Дядя разговаривает со мной по-русски, но вопрос задал уже на английском. Я до сих пор пытаюсь отвечать на него, хоть и знаю, что эта фраза просто приветствие – формальность, – но, услышав ее, я всегда честно пытаюсь рассказать о своем настроении. Обычно меня сразу вычисляют как эмигранта.
Мы проходим внутрь дома, который чем-то напоминает сувенирный магазин: много хлама и никакого уюта. Бесчисленные статуэтки загромождают полки; предметы непонятного назначения заполоняют пол. Да, дядя достаточно зарабатывает для того, чтобы каждый день покупать очередную безделушку и при этом не обделять свою семью в других нуждах, поэтому его нельзя обвинить в том, что он тратит последние деньги на всякую дрянь. Но само барахло превратилось для него в единственный все подавляющий интерес. Когда дядя распаковывает очередную посылку с вещицей, его радости нет предела. Носясь пару часов с новинкой, он забывает о ней на следующий день, и ненужные больше вещи оседают пылью в квартире. Потоп вещей.
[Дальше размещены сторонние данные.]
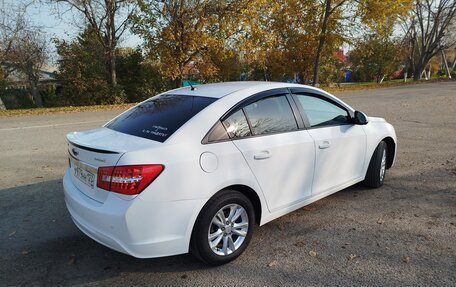 Chevrolet Cruze II, 2014 год, 795 000 рублей, 6 фотография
Почему нам так близок образ человека, буквально купающегося в богатстве? Многие из нас мечтали о ванне с вином. В диснеевском мультике Дональд Дак, дядя Дональда, Скрудж Макдак, плавает в бассейне из золотых монет. Неужто образ бассейна из вина или золота так нам близок, потому что это буквальная и простая метафора о «забвении» – утопить все в вине или в роскоши. Когда вокруг столько богатства, что места для других мыслей и ощущений не остается. Но золото тяжелее человека, а значит, человек будет постоянно всплывать, плавая в бассейне с золотой водой – как что-то ненужное. Быть слишком богатым – это когда богатство начинает избавляться от тебя самого. Вот и мой дядя слишком богат, а значит, теперь все его желания совпадают с возможностями потребления и исчезают, оставляя после себя пустоту, которую ему так и хочется заполнить какой-то другой вещью. На самом деле ему не так много платят – он типичный представитель верхушки среднего класса, но для самого себя – он слишком богат. Дядя не может справиться со своими деньгами, и они оккупировали все его внутреннее и внешнее пространство. Он испытывает потребность тратить, и с каждым годом ему все сложнее найти новую вещицу, которая принесет радость.